== Segment start ==

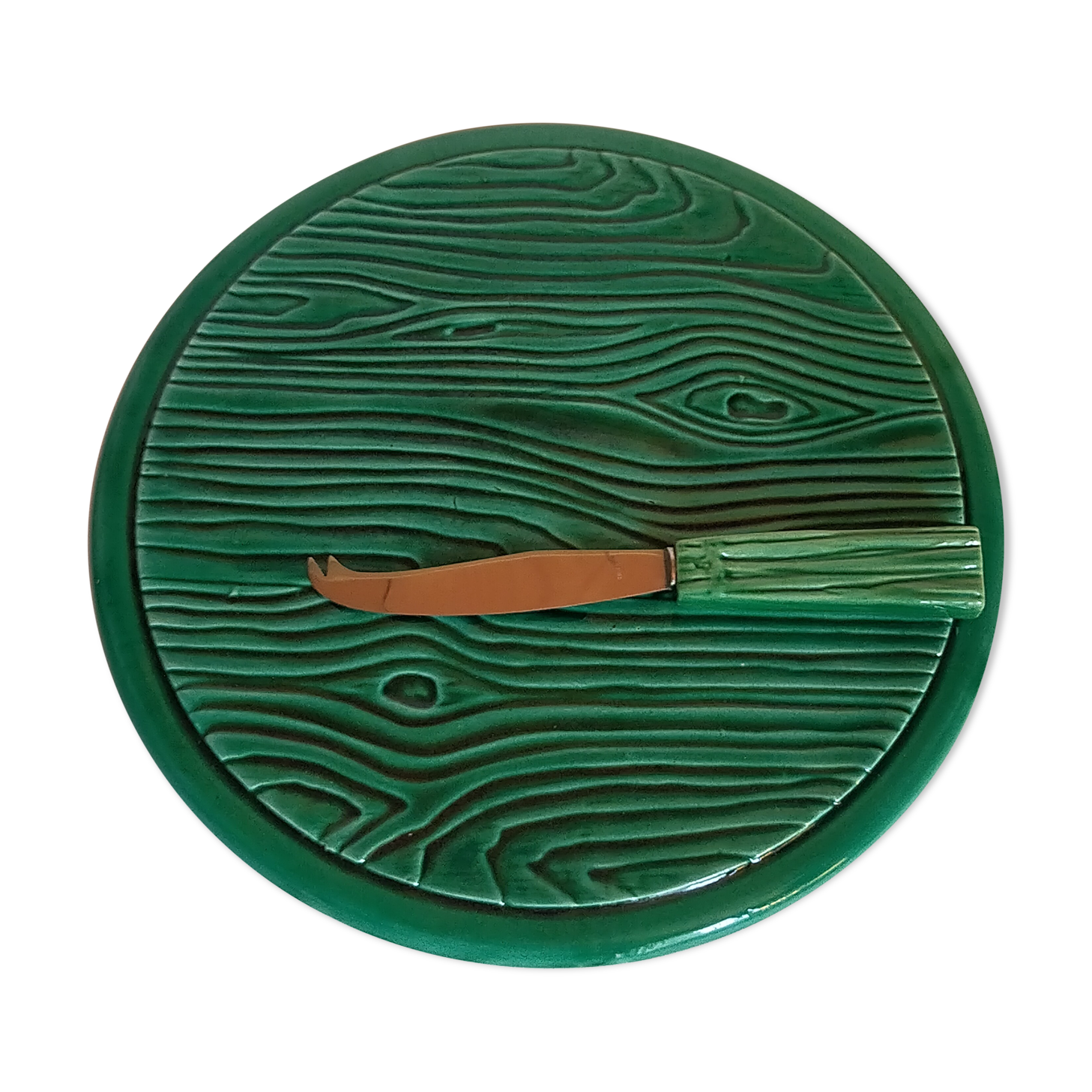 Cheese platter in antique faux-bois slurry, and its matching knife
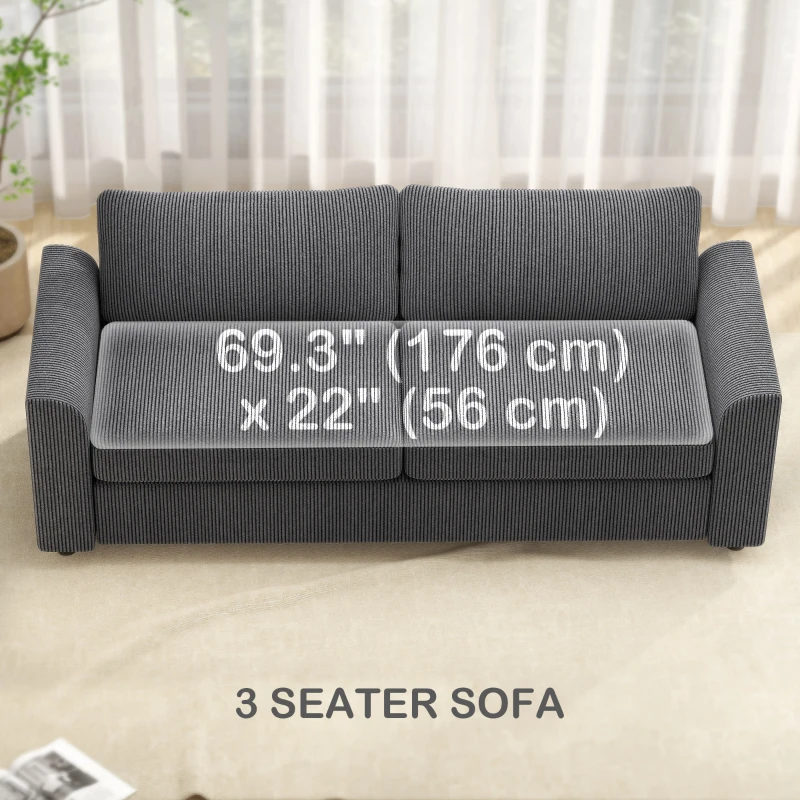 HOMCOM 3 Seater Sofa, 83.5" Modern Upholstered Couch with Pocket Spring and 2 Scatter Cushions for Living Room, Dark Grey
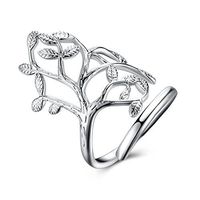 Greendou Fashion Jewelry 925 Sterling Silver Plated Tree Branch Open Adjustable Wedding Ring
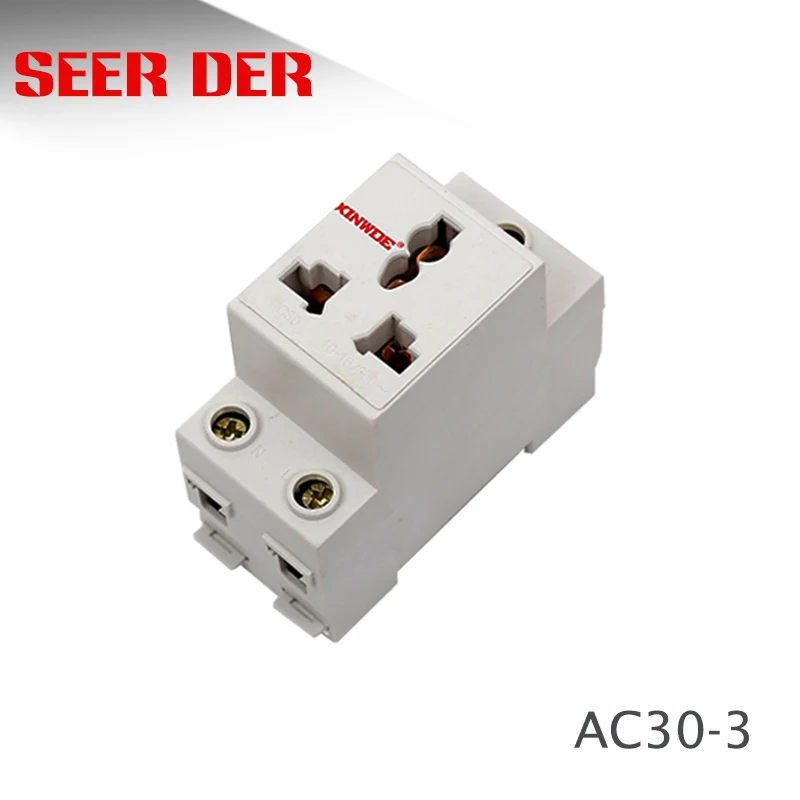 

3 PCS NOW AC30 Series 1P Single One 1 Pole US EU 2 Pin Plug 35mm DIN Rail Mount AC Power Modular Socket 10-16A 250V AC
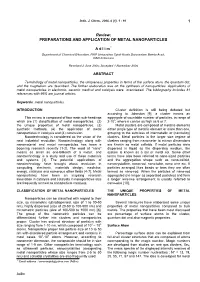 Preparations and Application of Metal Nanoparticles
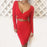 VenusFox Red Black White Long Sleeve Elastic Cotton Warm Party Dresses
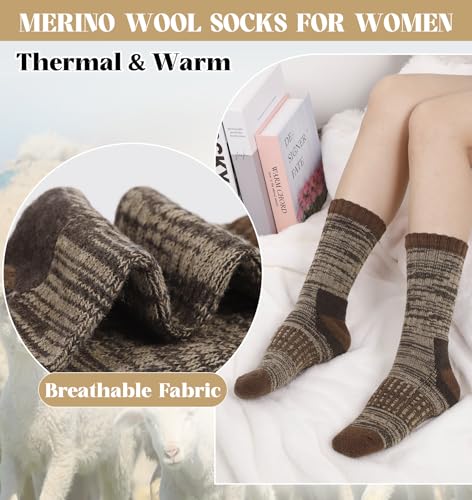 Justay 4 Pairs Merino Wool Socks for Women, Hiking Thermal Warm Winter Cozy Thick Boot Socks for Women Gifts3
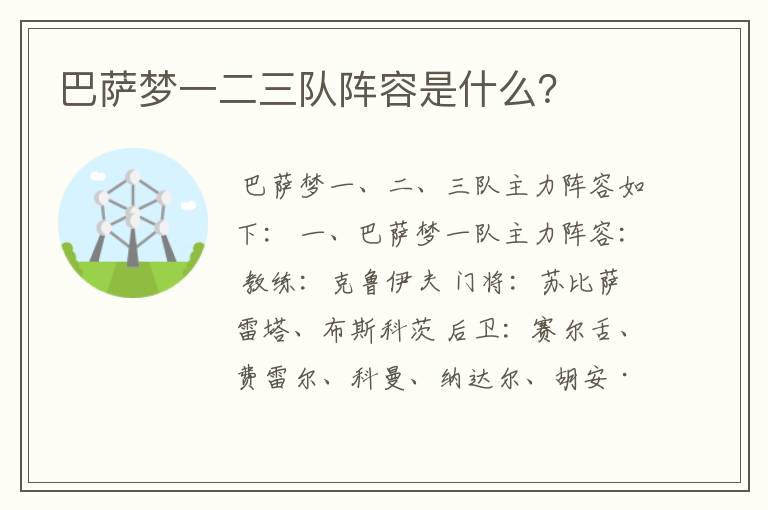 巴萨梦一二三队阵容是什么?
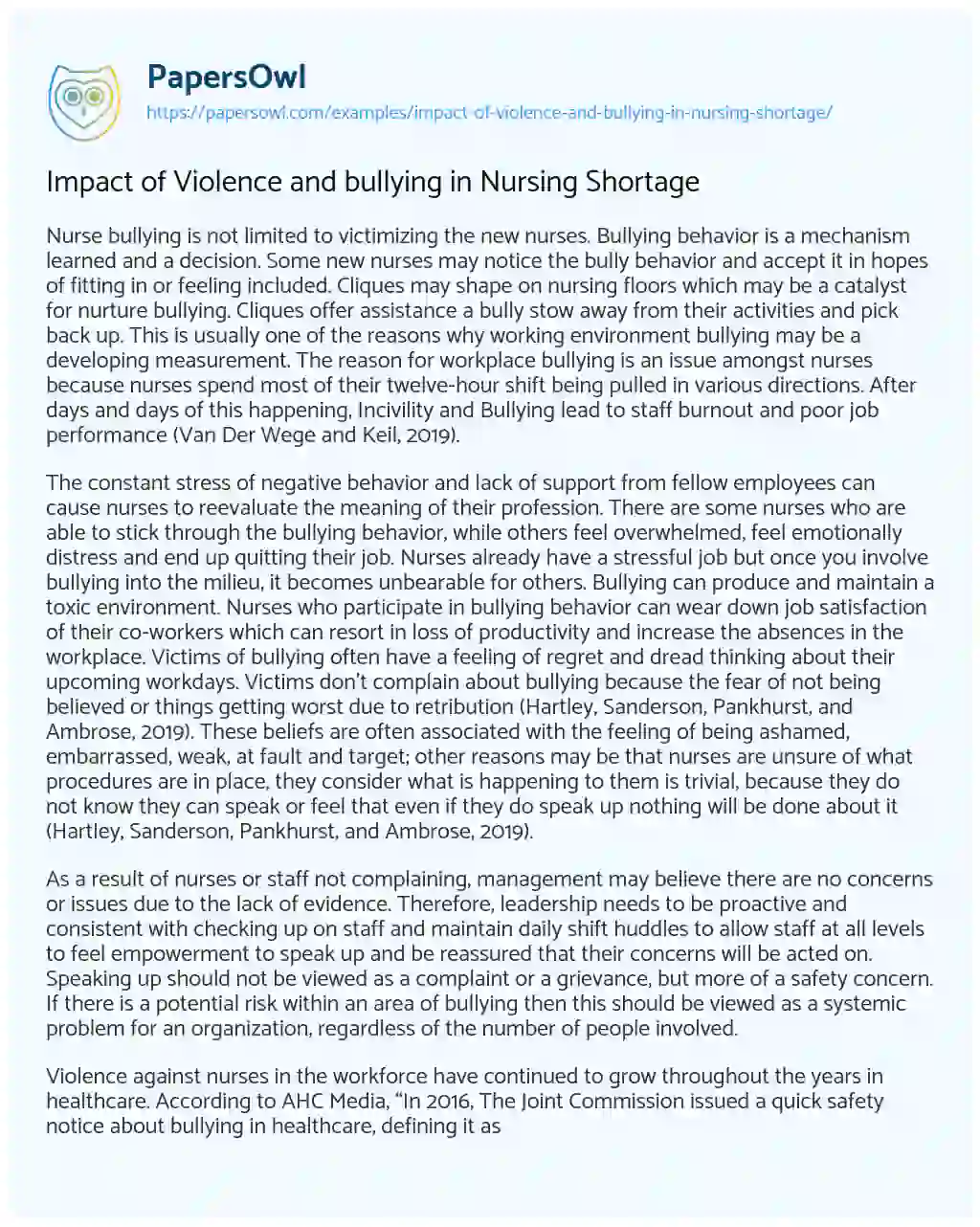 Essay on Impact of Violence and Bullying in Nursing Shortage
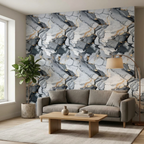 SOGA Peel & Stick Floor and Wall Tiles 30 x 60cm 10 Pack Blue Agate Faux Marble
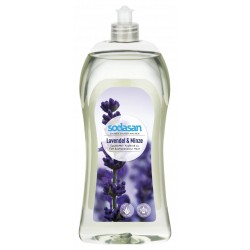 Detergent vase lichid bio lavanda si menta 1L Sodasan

== Segment end ==

■ Your task: What you give back should match the entries above exactly, except that pictures are dropped.

■ Task solution:
 Cheese platter in antique faux-bois slurry, and its matching knife
 HOMCOM 3 Seater Sofa, 83.5" Modern Upholstered Couch with Pocket Spring and 2 Scatter Cushions for Living Room, Dark Grey
 Greendou Fashion Jewelry 925 Sterling Silver Plated Tree Branch Open Adjustable Wedding Ring

3 PCS NOW AC30 Series 1P Single One 1 Pole US EU 2 Pin Plug 35mm DIN Rail Mount AC Power Modular Socket 10-16A 250V AC
 Preparations and Application of Metal Nanoparticles
 VenusFox Red Black White Long Sleeve Elastic Cotton Warm Party Dresses
 Justay 4 Pairs Merino Wool Socks for Women, Hiking Thermal Warm Winter Cozy Thick Boot Socks for Women Gifts3
 巴萨梦一二三队阵容是什么?
 Essay on Impact of Violence and Bullying in Nursing Shortage
 SOGA Peel & Stick Floor and Wall Tiles 30 x 60cm 10 Pack Blue Agate Faux Marble
 Detergent vase lichid bio lavanda si menta 1L Sodasan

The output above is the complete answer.